DATA EXTRACT>
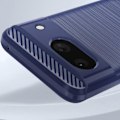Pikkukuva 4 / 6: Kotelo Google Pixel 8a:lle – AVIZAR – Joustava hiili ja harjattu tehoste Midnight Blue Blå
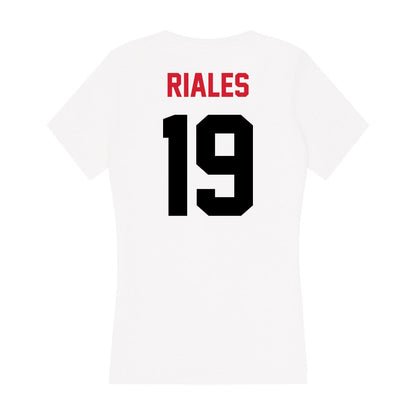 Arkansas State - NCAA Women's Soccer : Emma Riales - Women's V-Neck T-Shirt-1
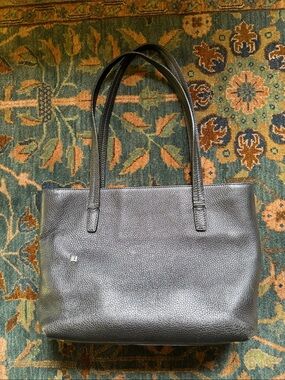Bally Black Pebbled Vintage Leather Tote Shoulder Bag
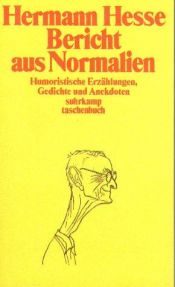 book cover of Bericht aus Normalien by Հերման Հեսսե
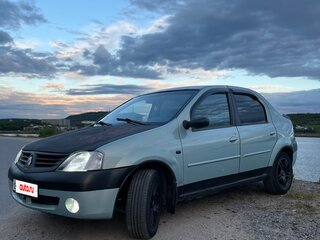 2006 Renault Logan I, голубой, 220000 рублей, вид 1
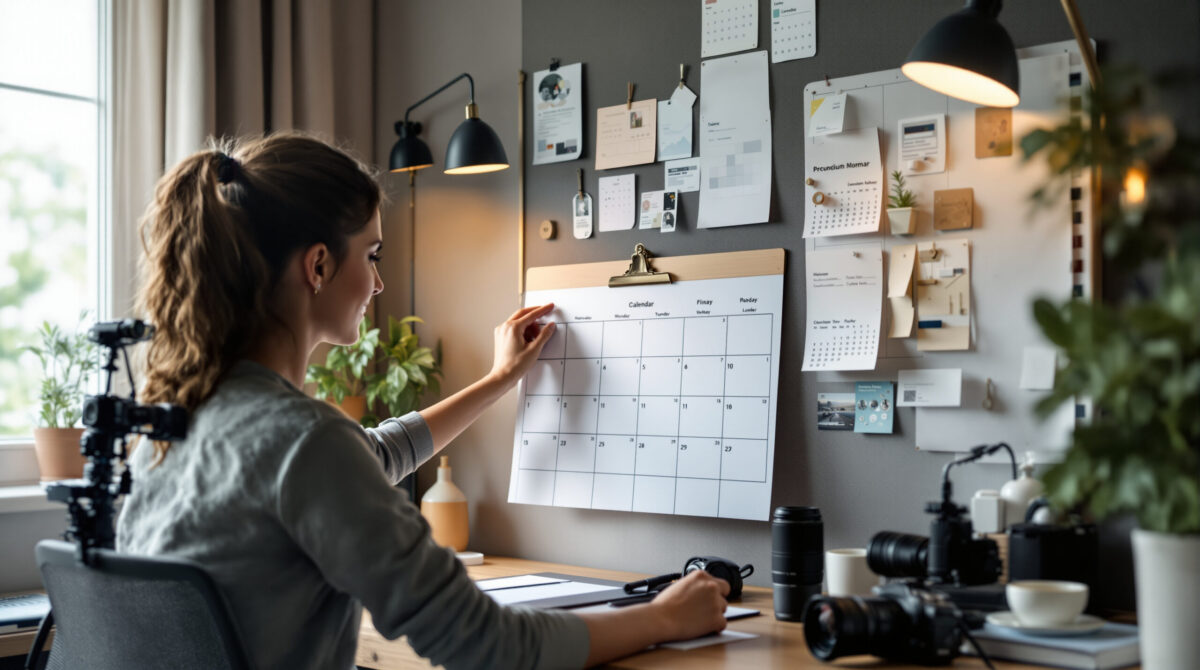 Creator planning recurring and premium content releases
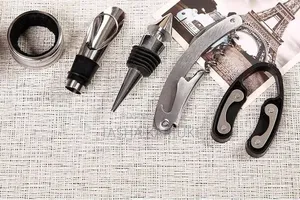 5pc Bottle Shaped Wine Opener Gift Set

...

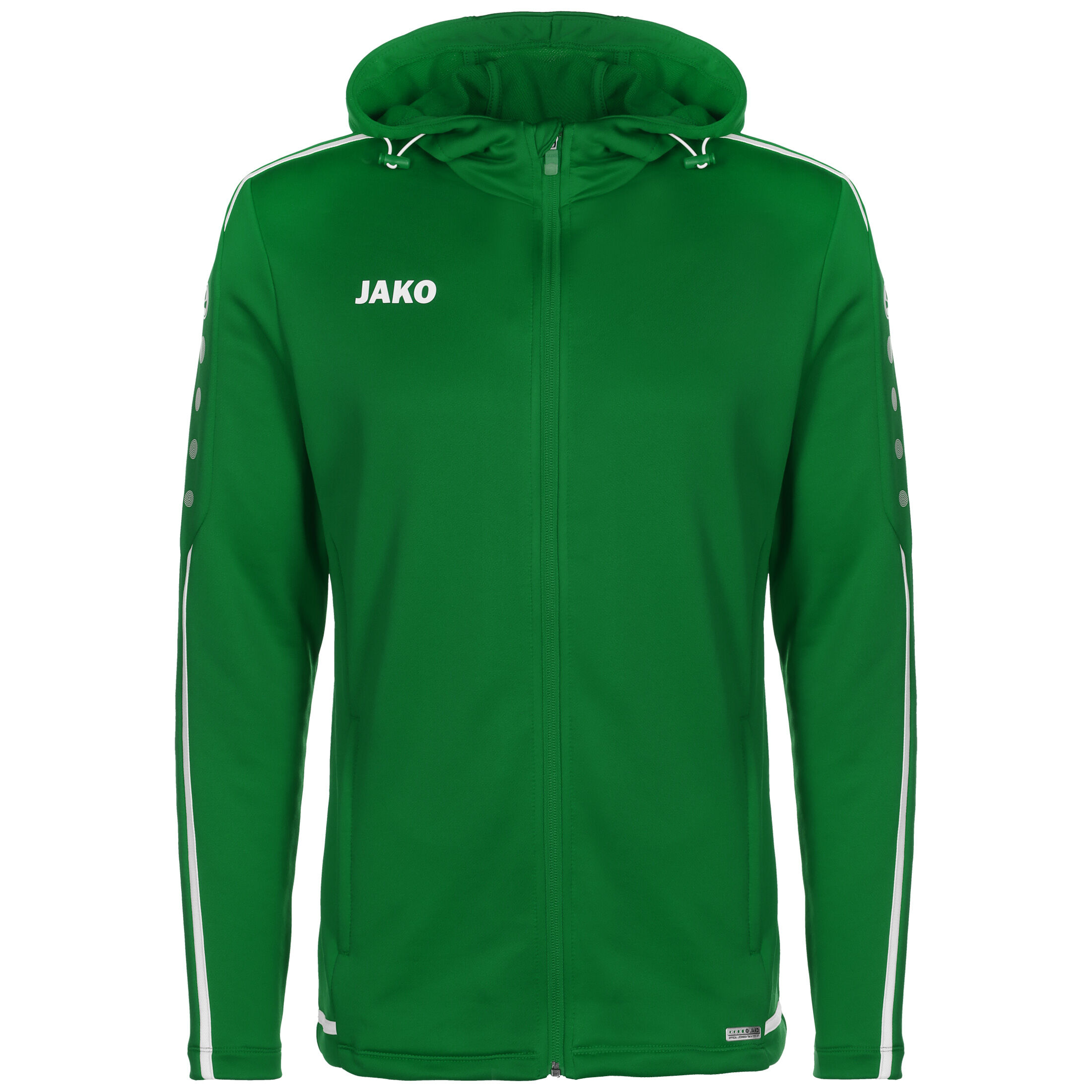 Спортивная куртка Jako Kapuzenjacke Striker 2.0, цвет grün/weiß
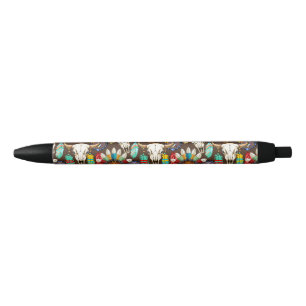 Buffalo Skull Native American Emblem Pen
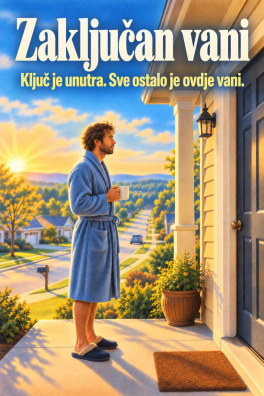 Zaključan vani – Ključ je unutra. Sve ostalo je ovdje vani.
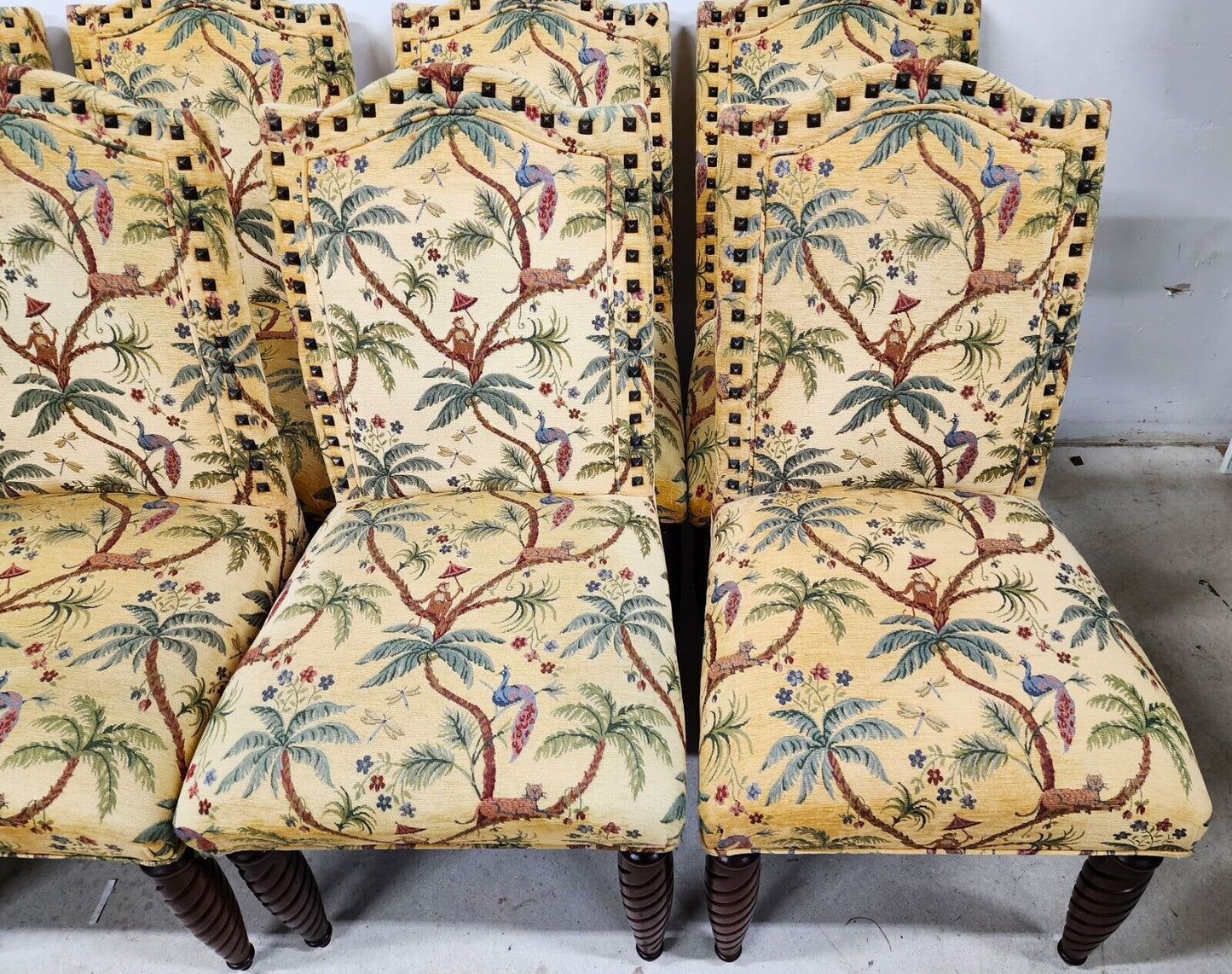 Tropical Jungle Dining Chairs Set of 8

PROBLEM TO SOLVE> Exactly the lines above from the one that contains "Pikkukuva 4 /" down to the one that contains "5pc Bottle Shaped Wine Opener Gift Set" are to be output, both ends kept and pictures omitted.

SOLVED PROBLEM>
Pikkukuva 4 / 6: Kotelo Google Pixel 8a:lle – AVIZAR – Joustava hiili ja harjattu tehoste Midnight Blue Blå
 Arkansas State - NCAA Women's Soccer : Emma Riales - Women's V-Neck T-Shirt-1
Bally Black Pebbled Vintage Leather Tote Shoulder Bag
 book cover of Bericht aus Normalien by Հերման Հեսսե
 2006 Renault Logan I, голубой, 220000 рублей, вид 1
 Creator planning recurring and premium content releases
 5pc Bottle Shaped Wine Opener Gift Set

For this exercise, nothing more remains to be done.